- _Task material_
=== Begin Enclosure ===
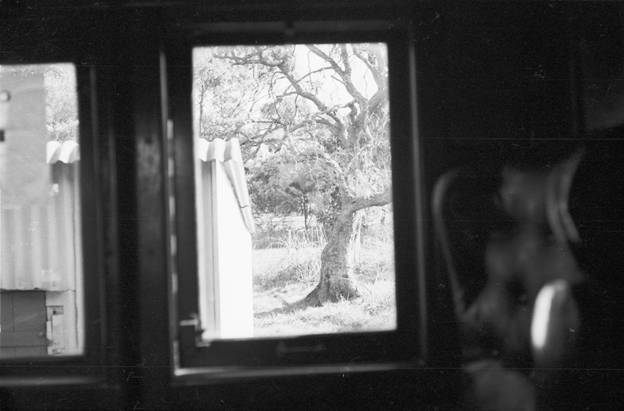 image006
=== End Enclosure ===
=== Begin Enclosure ===
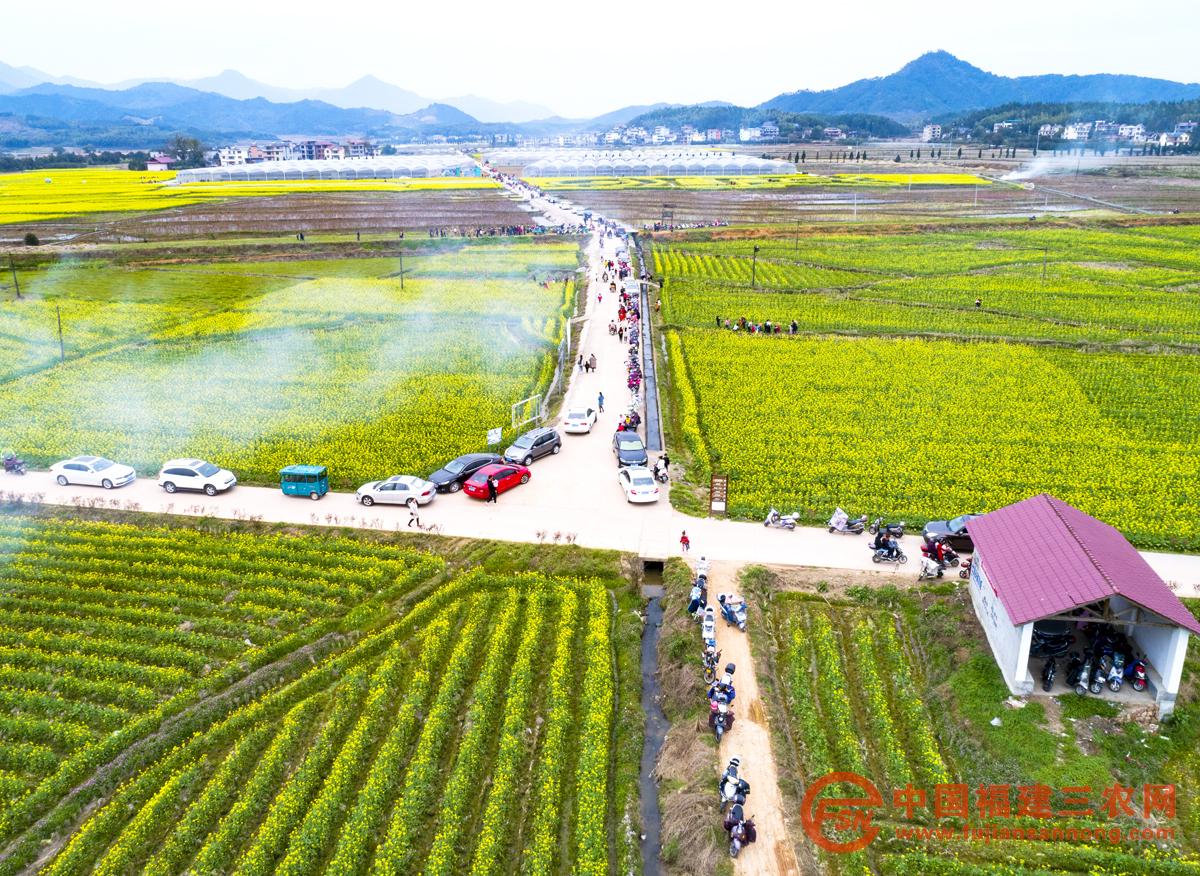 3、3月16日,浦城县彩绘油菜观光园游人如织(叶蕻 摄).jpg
=== End Enclosure ===
=== Begin Enclosure ===
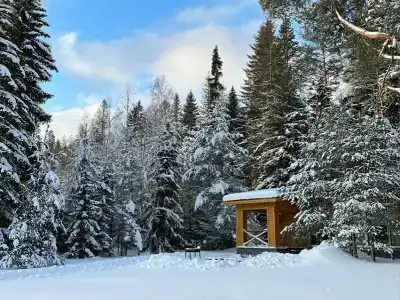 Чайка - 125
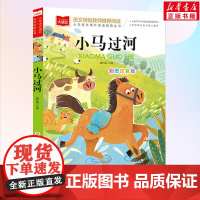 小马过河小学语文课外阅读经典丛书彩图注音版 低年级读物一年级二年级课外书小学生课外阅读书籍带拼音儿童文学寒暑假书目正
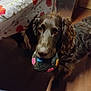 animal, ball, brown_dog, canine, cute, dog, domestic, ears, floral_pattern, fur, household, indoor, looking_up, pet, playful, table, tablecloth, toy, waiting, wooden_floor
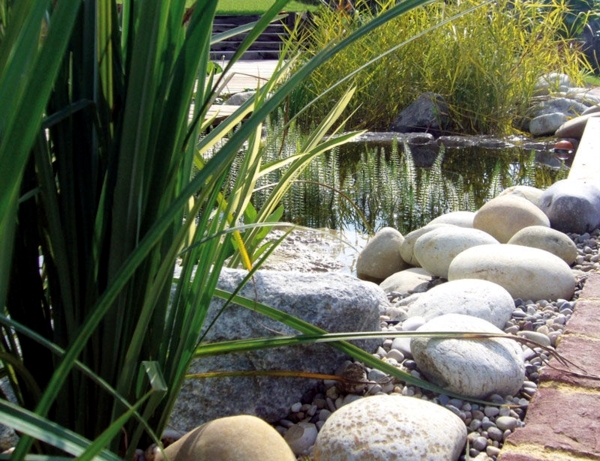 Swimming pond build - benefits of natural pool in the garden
=== End Enclosure ===
Restate word for word the lines of the data above that begin at the line with "小马过河小学语文课外阅读经典" and end at the line with "Swimming pond build", keeping both ends and dropping every picture.

 小马过河小学语文课外阅读经典丛书彩图注音版 低年级读物一年级二年级课外书小学生课外阅读书籍带拼音儿童文学寒暑假书目正
 animal, ball, brown_dog, canine, cute, dog, domestic, ears, floral_pattern, fur, household, indoor, looking_up, pet, playful, table, tablecloth, toy, waiting, wooden_floor
 Swimming pond build - benefits of natural pool in the garden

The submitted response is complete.